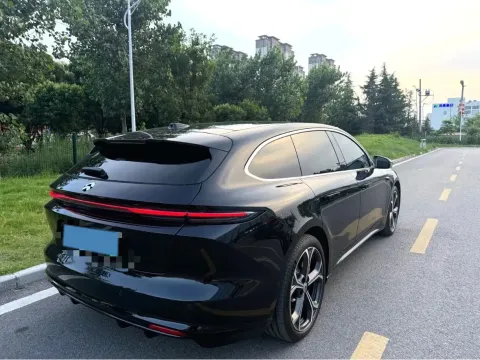 2025 NIO ET5T BEV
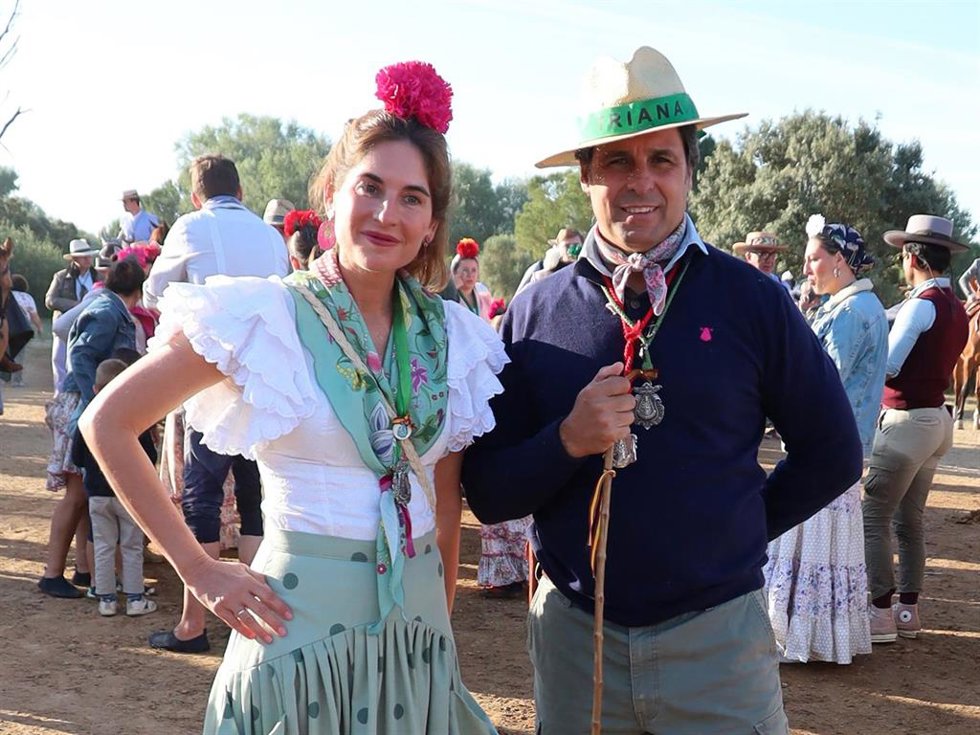 Francisco Rivera y Lourdes Montes durante el cruce del Vado del Quema, a 22 de mayo de 2026, en El Rocío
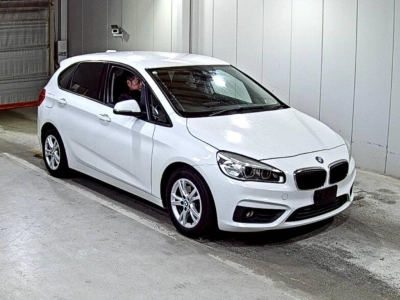 BMW 2 SERIES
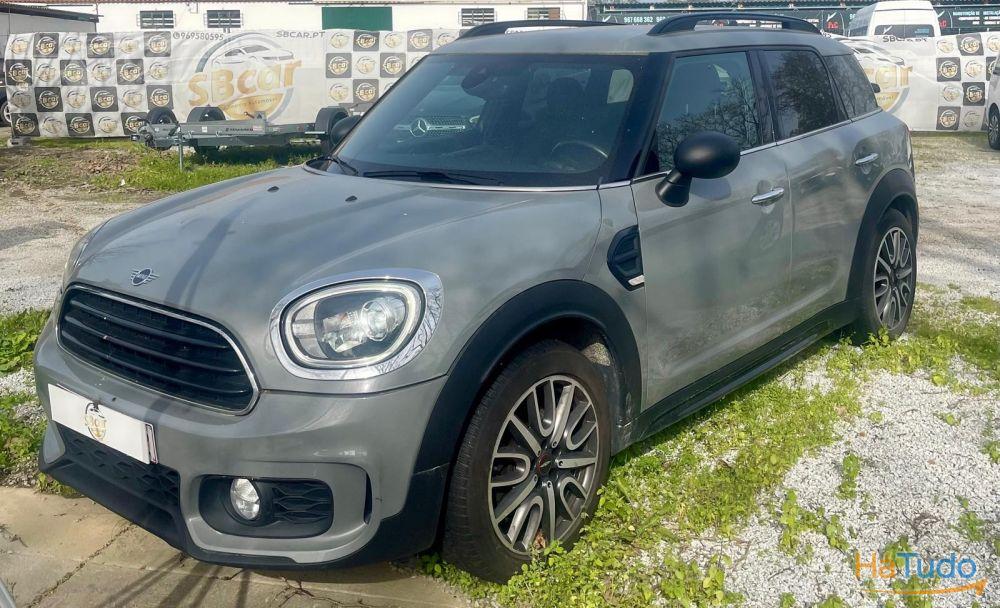 MINI Countryman Cooper D John Cooper Works Auto MINI Countryman Cooper D John Cooper Works Auto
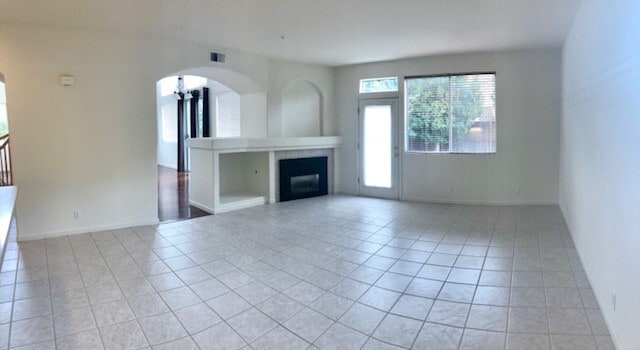 Building Photo - Clean 4 Bedroom, 2.5 Bath Home with 3 Car ...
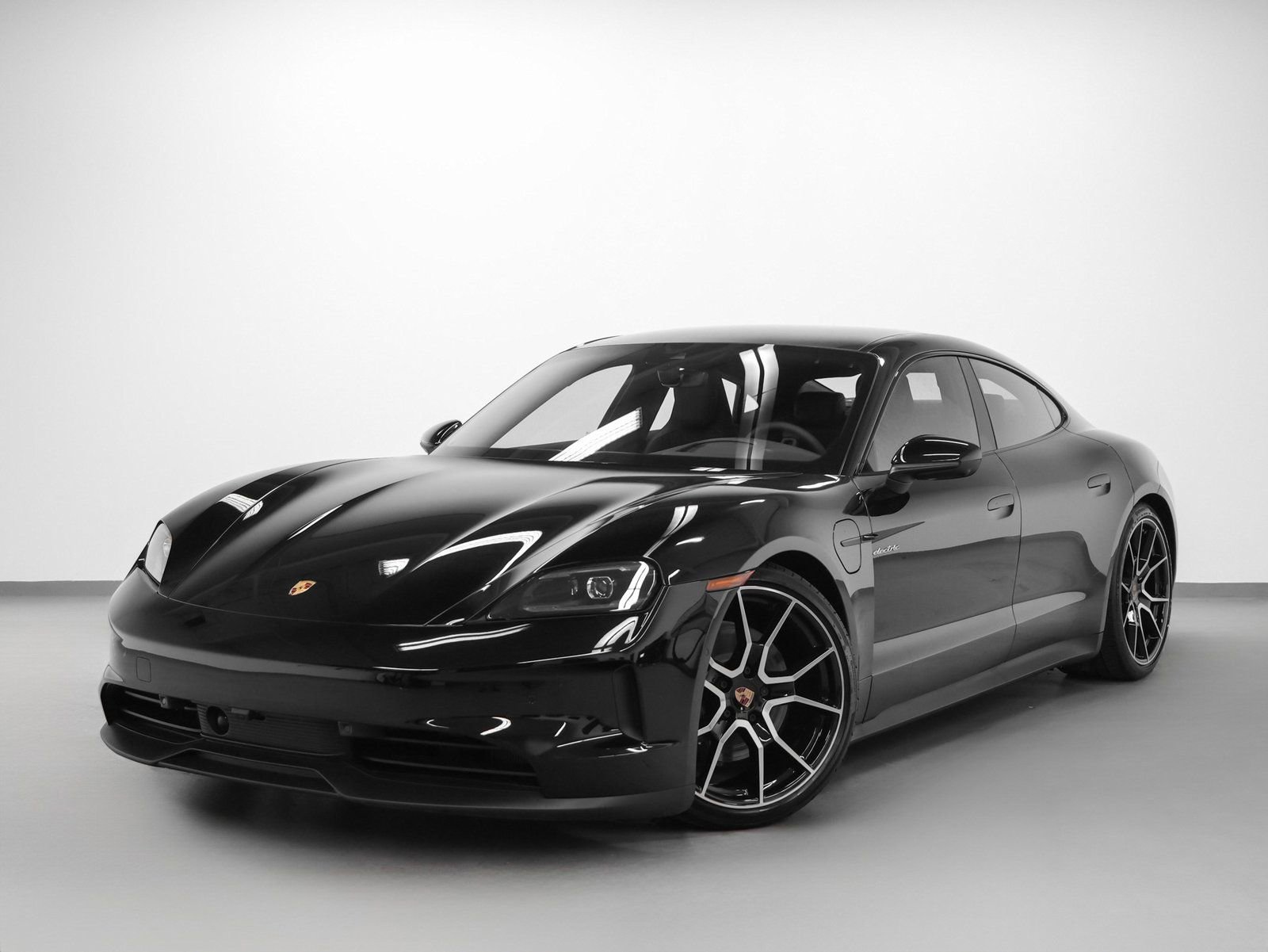 Used 2025 Porsche Taycan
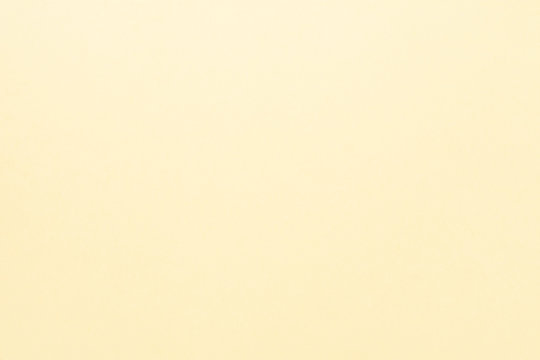 冬のファッションは視覚からほっこり、あたたかく。クリーム色のニットと赤ニットキナリノ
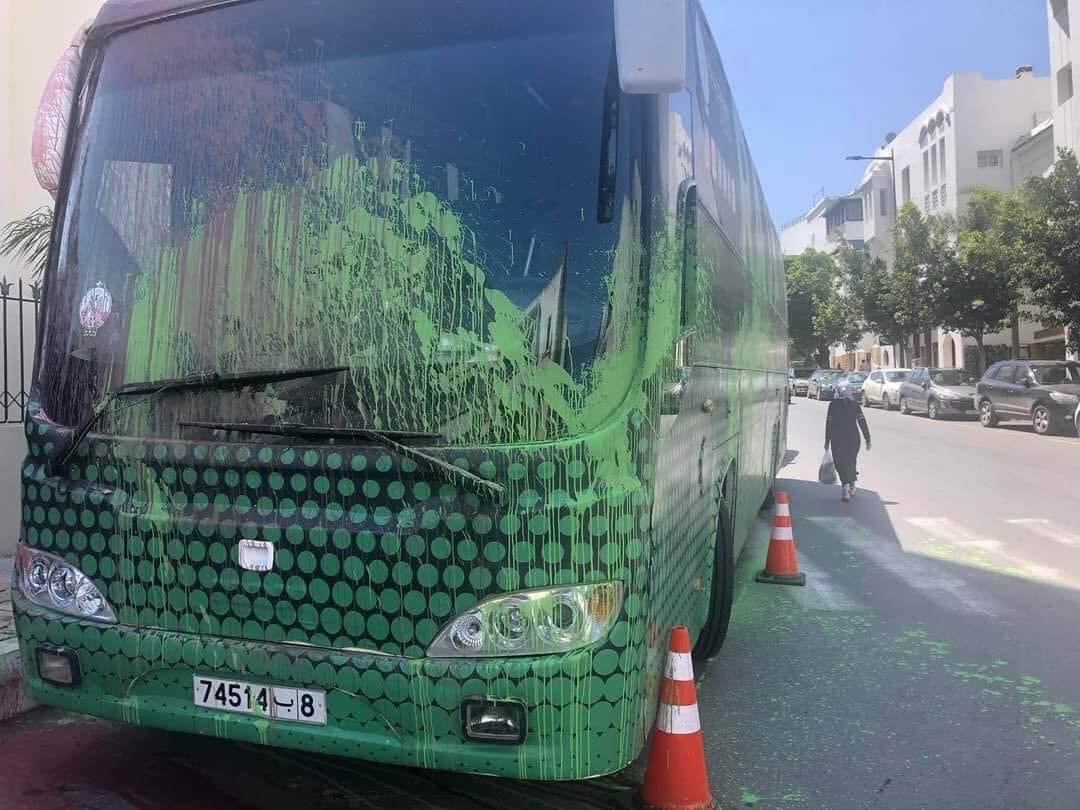 استنفار أمني في الرباط بعد تخريب حافلة الرجاء قبل "كلاسيكو" كأس العرش أمام الجيش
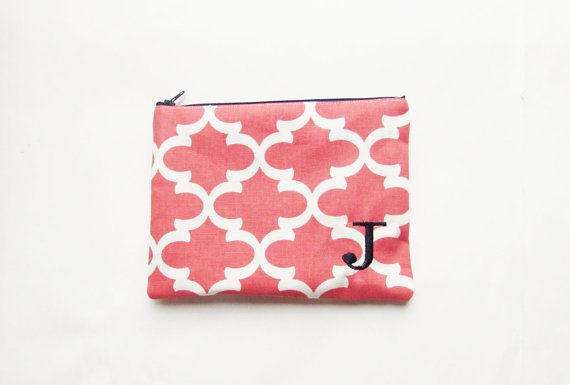Mariage - Quatrefoil Make up Bag  - in Coral Fulton - Clutch - Zipper Pouch - Medium - Wedding Gifts - Bridesmaid Gifts - Wedding Favors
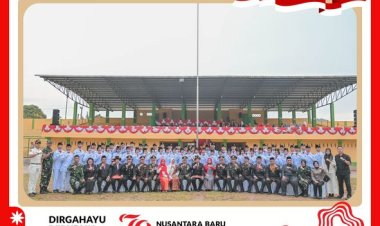 Komandan Kodim (Dandim) 0212/TS bertindak sebagai Irup penurunan bendera Hari Ulang Tahun (HUT) ke-79 Kemerdekaan Republik Indonesia tingkat Kota Padangsidimpuan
--
Skip every picture and transcribe the data above exactly.

 2025 NIO ET5T BEV
 Francisco Rivera y Lourdes Montes durante el cruce del Vado del Quema, a 22 de mayo de 2026, en El Rocío
 BMW 2 SERIES
 MINI Countryman Cooper D John Cooper Works Auto MINI Countryman Cooper D John Cooper Works Auto
 Building Photo - Clean 4 Bedroom, 2.5 Bath Home with 3 Car ...
 Used 2025 Porsche Taycan
 冬のファッションは視覚からほっこり、あたたかく。クリーム色のニットと赤ニットキナリノ
 استنفار أمني في الرباط بعد تخريب حافلة الرجاء قبل "كلاسيكو" كأس العرش أمام الجيش
Mariage - Quatrefoil Make up Bag  - in Coral Fulton - Clutch - Zipper Pouch - Medium - Wedding Gifts - Bridesmaid Gifts - Wedding Favors
 Komandan Kodim (Dandim) 0212/TS bertindak sebagai Irup penurunan bendera Hari Ulang Tahun (HUT) ke-79 Kemerdekaan Republik Indonesia tingkat Kota Padangsidimpuan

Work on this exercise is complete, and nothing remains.